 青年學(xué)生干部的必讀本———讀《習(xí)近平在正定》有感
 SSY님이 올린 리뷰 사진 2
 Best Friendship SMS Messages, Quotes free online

****

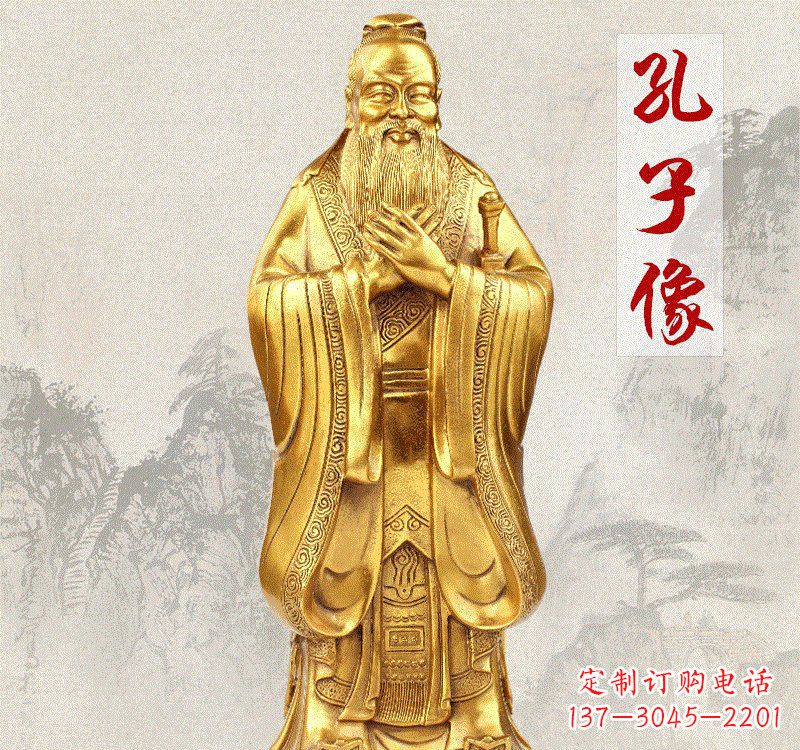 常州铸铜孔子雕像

****

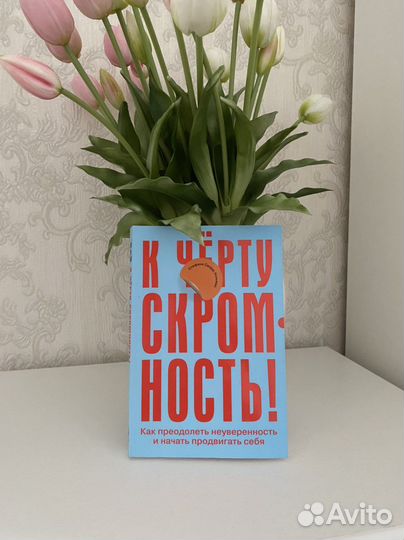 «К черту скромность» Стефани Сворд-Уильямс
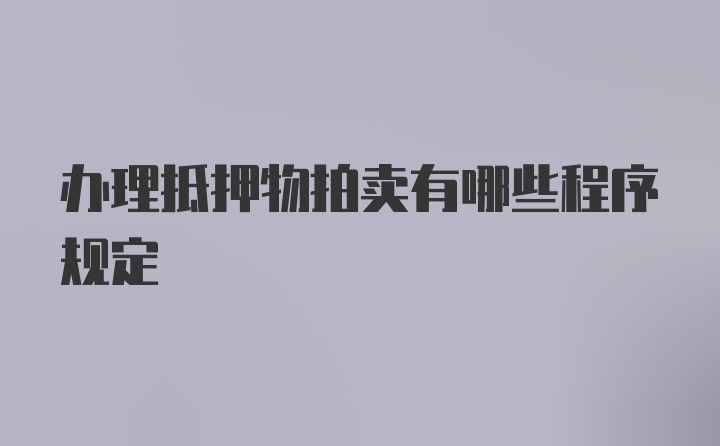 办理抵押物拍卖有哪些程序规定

****

### What you need to do
Taking the entries above, print exactly the lines starting at the line with "青年學(xué)生干部的必讀本———讀《習(xí)近平在正定》有感" and ending at the line with "Best Friendship SMS", both included.

### Task solution
 青年學(xué)生干部的必讀本———讀《習(xí)近平在正定》有感
 SSY님이 올린 리뷰 사진 2
 Best Friendship SMS Messages, Quotes free online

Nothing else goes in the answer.